Mathieu, son frère aîné, la désirait aussi, et un jour que Thomas était parti rejoindre son père à la scierie, il l’avait attirée dans la grange sous un prétexte quelconque. Elle ne s’était pas méfiée et, une fois à l’intérieur, il essaya de l’embrasser, mais, comme elle refusait, il la violenta. Après son méfait, Mathieu ne se sentait pas fier de ce qu’il avait fait et, pour se justifier, il accusait Marie, il lui déclarait que tout était de sa faute, que c’était injuste qu’elle lui préfère son frère.
Au retour de Thomas, Marie n’avait rien dit, elle avait trop honte. Les semaines passèrent et elle s’aperçut qu’elle était enceinte. Elle n’avait aucun doute sur la paternité de Mathieu, car elle n’avait jamais couché avec Thomas, ils ne voulaient pas brûler les étapes et suivre les principes de la religion. Pas question d’avouer qu’elle avait été violée. Elle alla voir Mathieu, lui déclara qu’elle attendait un enfant de lui et qu’il devait réparer sa faute. Thomas devint fou de douleur lorsque Marie lui annonça qu’elle aimait son frère et qu’elle allait l’épouser. Thomas ne s’en remettait pas, il n’imagina pas un seul instant le drame et le malheur qui habitait Marie.

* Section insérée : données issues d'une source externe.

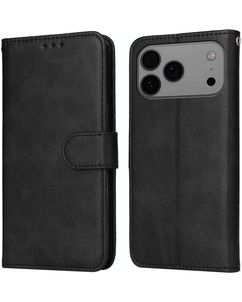 Mobigear Wallet iPhone 18 Pro Max Klapphülle Portemonnaie - Schwarz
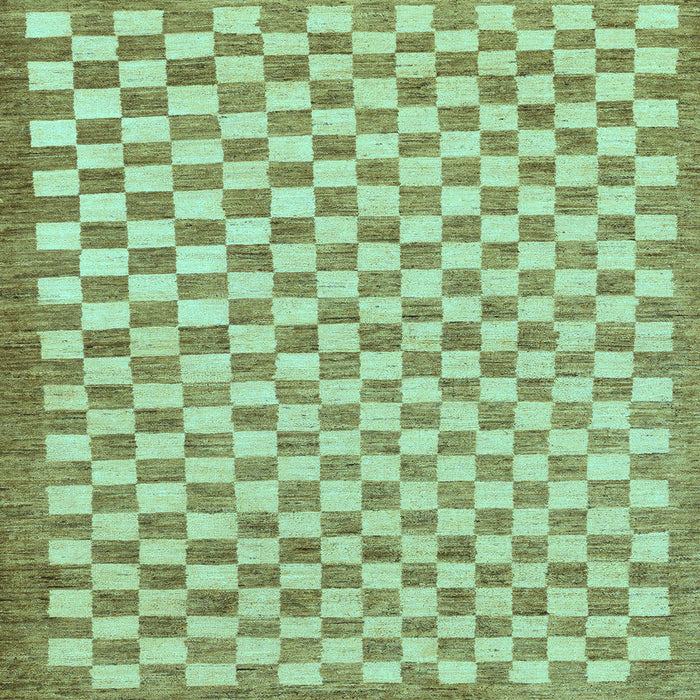 Square Machine Washable Checkered Light Blue Modern Rug, wshabs79lblu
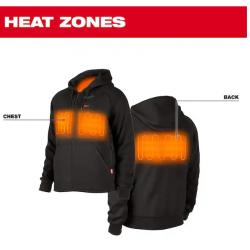 NEW! - Milwaukee Men's Small M12 12-Volt Lithium-Ion Cordless Black Heated Jacket Hoodie Kit with (1) 2.0 Ah Battery and Charger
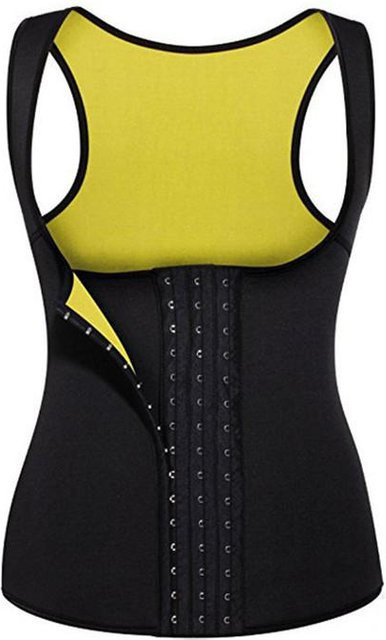 JINKAIRUI Sauna Weste Taillenformung, schwarz, Damen - Bild 1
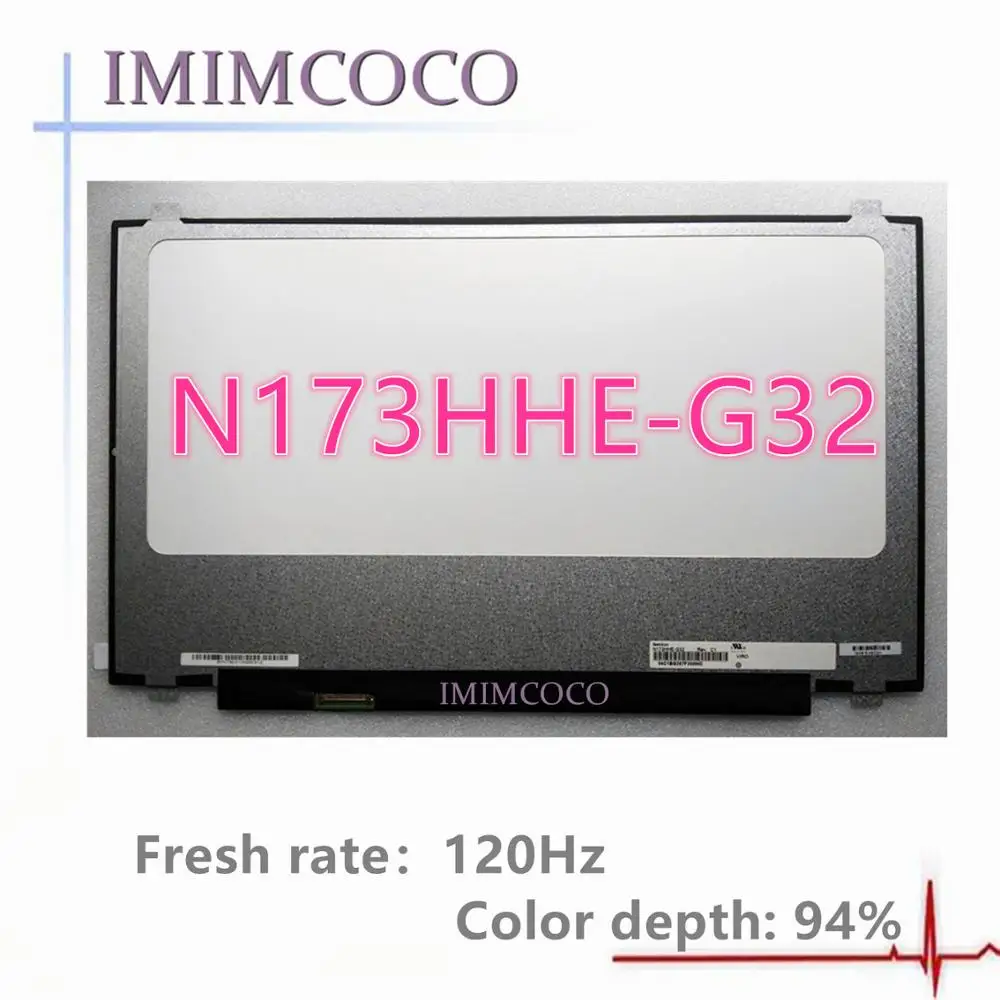94% цвет 120 Гц ноутбук fhd ЖК-экран N173HHE-G32 подходит B173HAN03.2 B173HAN03.1 для MSI GT73VR GT72VR X7V6 40PIN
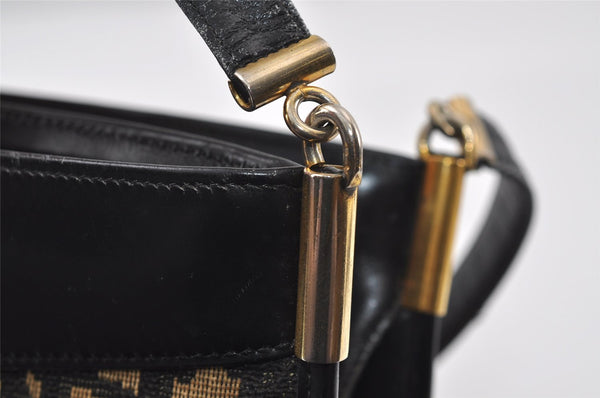 Authentic Christian Dior Trotter Shoulder Hand Bag Canvas Leather Blue 0783J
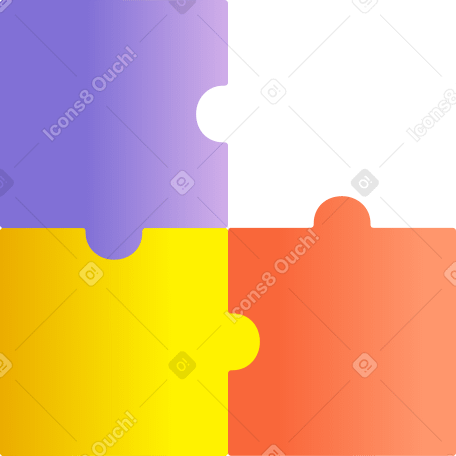 puzzle pieces Illustration in PNG, SVG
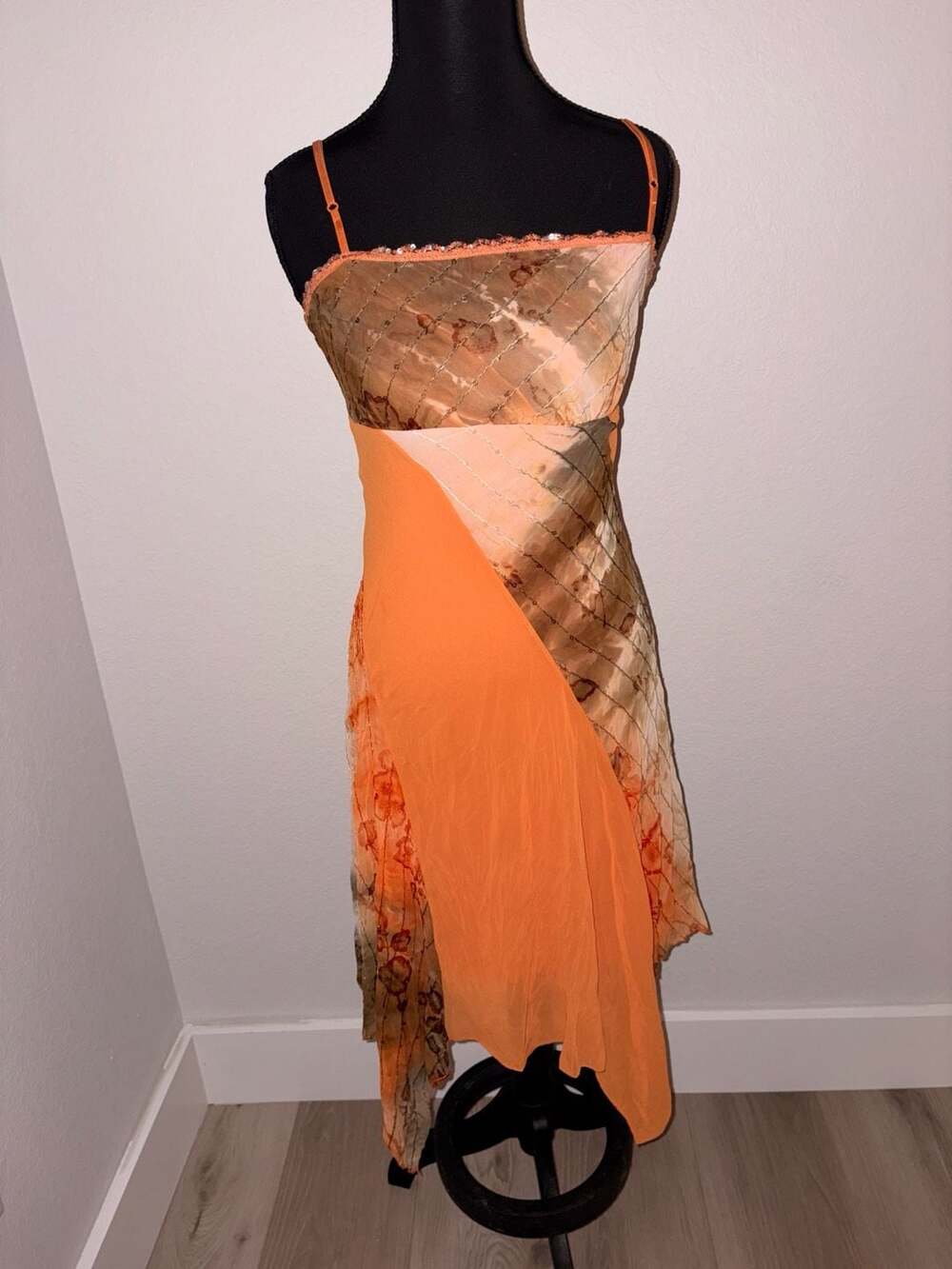 Tt Blues Orange Asymmetrical fairy dress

Si elle lui avait avoué la vérité, il aurait assurément tué son frère, c’était justement ce qu’elle souhaitait éviter. Il ne s’était jamais marié, il attendait, il espérait. Huit ans étaient passés depuis le triste jour où elle avait épousé Mathieu, Marie avait eu cinq enfants et un sixième pour bientôt. Thomas voulait le protéger, ce futur bébé ; il rêvait de l’élever et cela d’autant plus qu’il était certain d’en être le père.
Au début, Mathieu travaillait à la scierie comme son père, il avait un métier à plein temps et touchait une paye tous les mois, en trois ans, trois enfants. Le ménage semblait heureux, personne n’imaginait le drame de Marie. Malgré le défilement des années, elle restait toujours amoureuse de Thomas. Depuis le mariage, les rapports étaient quasi inexistants entre les deux frères, Thomas n’avait pas l’occasion de venir chez eux et il ne souhaitait d’ailleurs pas revoir son frère. Leur maison se situait à l’écart du village. Marie avait trop à faire avec ses trois petits pour s’y rendre tous les jours. Aux habitants qui s’inquiétaient de ne pas la voir souvent, elle objectait l’éloignement et la garde des enfants. La vraie raison était tout autre, elle craignait de rencontrer Thomas et de tout lui avouer.